Wachovia Not Out of the Woods Yet

     SAN JOSE (CN) – A federal judge ruled on several motions from borrowers who wanted to opt out of a class action against Wachovia Mortgage, which paid $50 million to settle claims involving “Pick-a-Payment” mortgage loans.
     Wachovia offered the loans from 2003 to 2008, letting borrowers make minimum payments for a limited time, under certain conditions.
     But borrowers said they were not told that when a payment was insufficient to cover the interest, unpaid interest was tacked on to the loan balance, which increased. Borrowers said this “negative amortization” was not adequately disclosed to them.
     They claim that Wachovia, a division of Wells Fargo Bank, violated state and federal laws.
     Wachovia, which denied any wrongdoing, agreed to a $50 million settlement in February 2011.
     But the settlement has not put the issue to rest. Several individual class members seek a court declaration granting them late opt-out status, freeing them to file separate lawsuits against Wachovia.
     Dina Flotte, who got a pick-a-payment loan, claims she learned of the class action late. She claims in her motion that Wachovia told her she would have to opt out of the class action if she wanted to file her own lawsuit.
     Flotte says she wasn’t able to opt out in time – she even received a $178.04 check in settlement of the class action – and offered an explanation, primarily blaming Wachovia for her delay. But U.S. District Judge Jeremy Fogel didn’t buy it.
     “The court concludes that Flotte has not demonstrated that the relief she requests is warranted,” Fogel ruled. “Defendants would be prejudiced by having to defend a state law UCL [Unfair Competition Law] claim that they reasonably believed had been settled.”
     Fogel added that while Flotte offered an explanation for her delay in seeking an opt-out, her explanation “is contradicted by credible evidence submitted by defendants.” “It appears that Flotte has remained in her home for more than four years without making any mortgage payments whatsoever, and that when she was offered a loan modification almost two years ago, she failed to accept it. Based upon this record, Flotte’s request for a late opt out will be denied.”
     Like Flotte, borrower Nick John Makreas said he did not make the opt-out list, but that it wasn’t his fault.
     Fogel found his situation more acceptable and granted Makreas’ motion for a late opt-out.
     Wachovia filed six motions for enforcement of the settlement, all of them involving late opt-out motions by borrowers. Fogel granted two, denied another and made recommendations for further actions on two others.
     Wachovia’s sixth motion involves attorney Catherine Czyz and the judicial foreclosure of her property. She cites counterclaims based on Truth in Lending Act violations and other violations connected to her pick-a-payment loan.
     Czyz, who filed pro se, sought to quash Service of Process, saying she wasn’t “properly served with the instant motion to enforce settlement, that this court lacks personal jurisdiction over her and that she opted out of the settlement agreement.”

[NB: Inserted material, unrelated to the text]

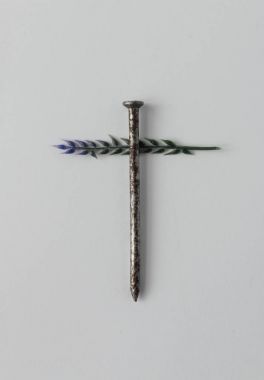 çivi Kutsal haç İsa Mesih'in dikenler, en az Paskalya kavramı ile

     Fogel found Czyz credible and her explanations reasonable, stating that “the court is inclined to permit Czyz to opt out of the class action settlement. She represents that she did not receive notice of the action until she received the settlement check for $178.04 at the end of October 2011.”
     Fogel found that a declaration by a Wachovia witness could not establish that Czyz received a notice of settlement.
     Finally, Fogel denied Thomas Worthington’s motion to enforce settlement. Worthington claimed he was entitled to a loan modification under the settlement agreement.